Input records below:

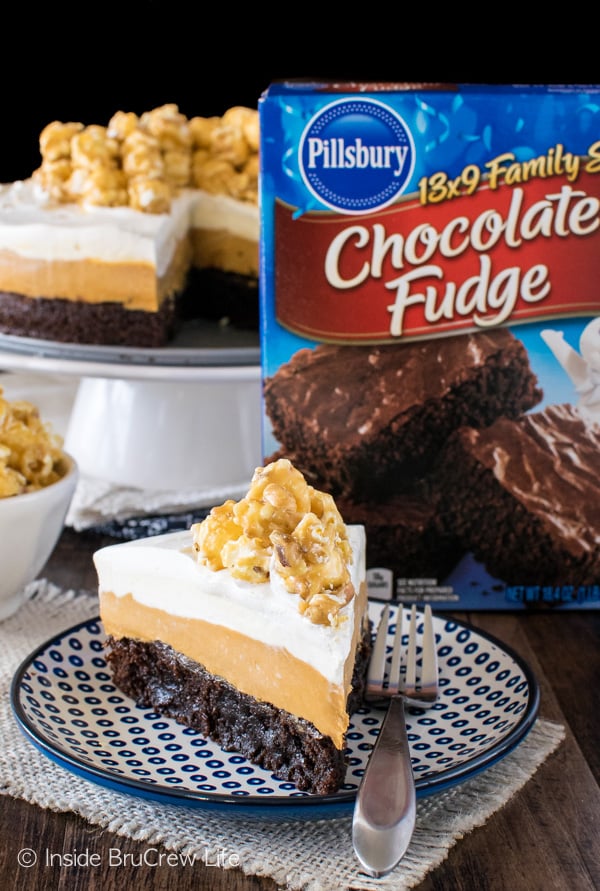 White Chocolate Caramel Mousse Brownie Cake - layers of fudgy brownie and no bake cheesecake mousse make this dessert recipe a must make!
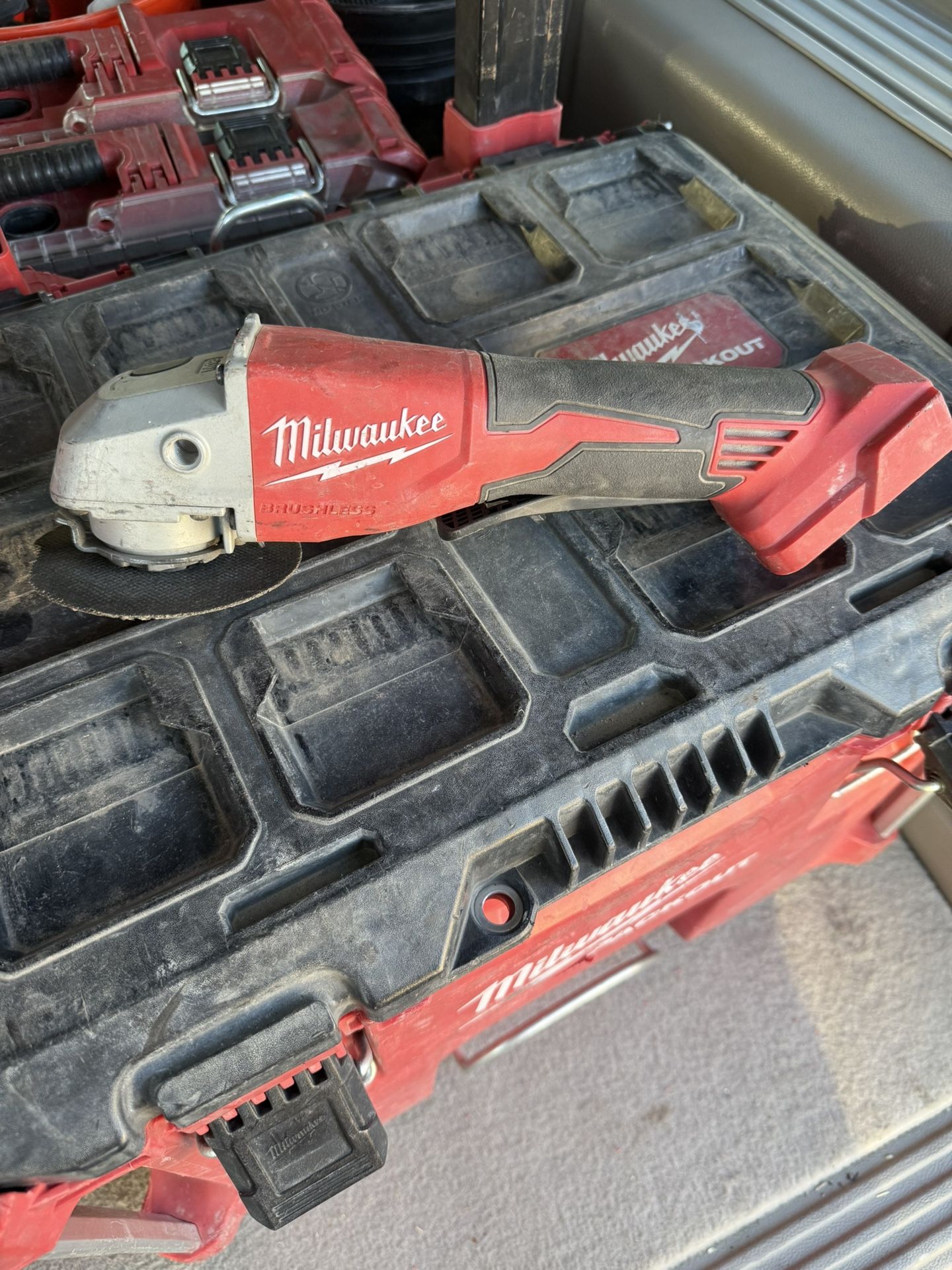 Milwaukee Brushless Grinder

End of Input records.
Input records below:

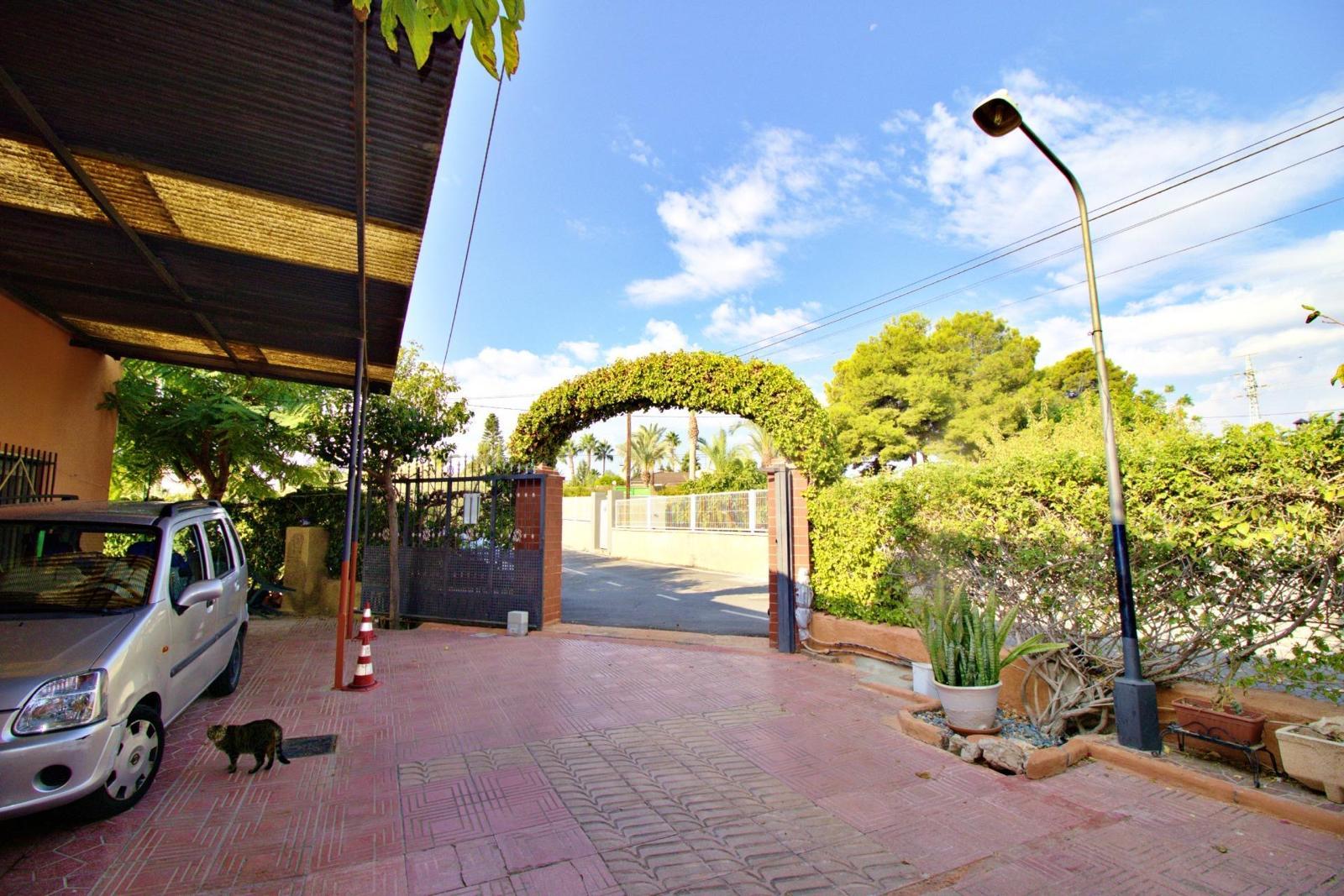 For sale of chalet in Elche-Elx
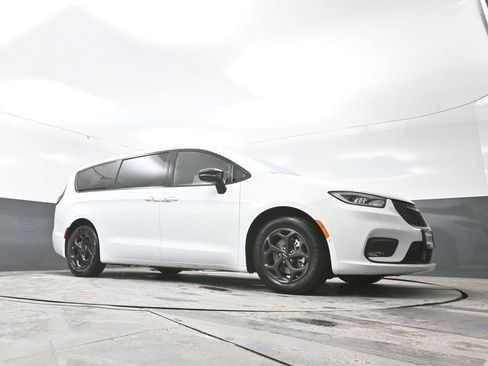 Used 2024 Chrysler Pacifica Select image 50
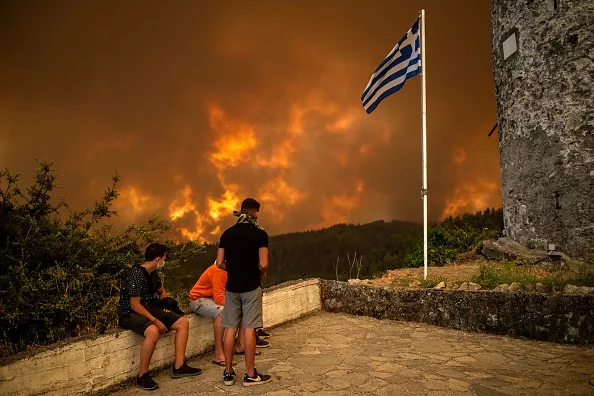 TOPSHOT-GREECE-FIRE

End of Input records.

Print nothing except the lines above from the one containing "White Chocolate Caramel" down to the one containing "Milwaukee Brushless Grinder", both included, exactly as written and free of pictures.

» Solution:
 White Chocolate Caramel Mousse Brownie Cake - layers of fudgy brownie and no bake cheesecake mousse make this dessert recipe a must make!
 Milwaukee Brushless Grinder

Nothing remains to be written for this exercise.